Could you please advice how I can determine the following details of a Git Branch
- Who created branch
- When branch was created
- which branch the new branch has been created off
Could you please advice how I can determine the following details of a Git Branch
You are putting too much faith into the idea of a branch. Git does not care about branches; Git cares about commits. But in order to say this, we must first stop and define the word branch. In this paragraph, what I mean by "branch" is a branch name like master
or develop
or feature/tall
. These names have, to Git, only one function: to record the raw hash ID of a commit.
Git has other entities that people can and do call a "branch". See What exactly do we mean by "branch"?

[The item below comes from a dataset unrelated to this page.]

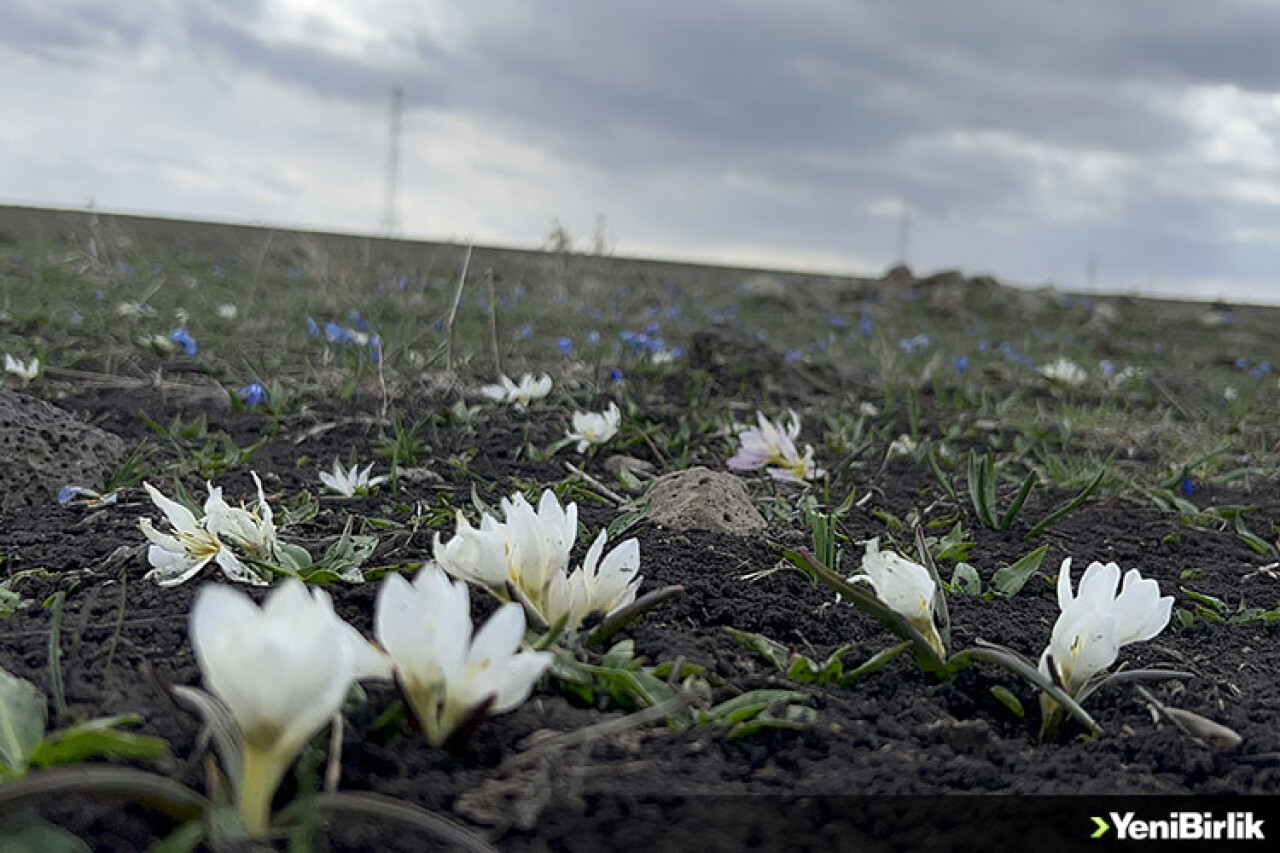 Kars'ta kardelen ve çiğdemler çiçek açmaya başladı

In any case, a branch name in Git holds the hash ID of one commit. That's actually very useful: both to us humans, for whom Git hash IDs look like random junk, and for Git itself. But that's all they hold by themselves. The important information is all stored elsewhere, mostly in the commits themselves.
Git really cares about commits. Commits store most of the data you're looking for: who made them, when, and from which other earlier commit.
Branch names do not store any of the data you are looking for. They have no creator information. They have no history of their own either (but we'll see something more in a moment). There is an important reason for this.
Unlike ClearCase, Git is a distributed version control system. In ClearCase, there is a central, managed storage location: the Volume Object Base or VOB. Individual users go to the central storage and get things from it, and put things back into it. To do this, these users must all share the VOB's names for things. So if the VOB wants to call something Bruce, well, everyone else might as well call it Bruce too.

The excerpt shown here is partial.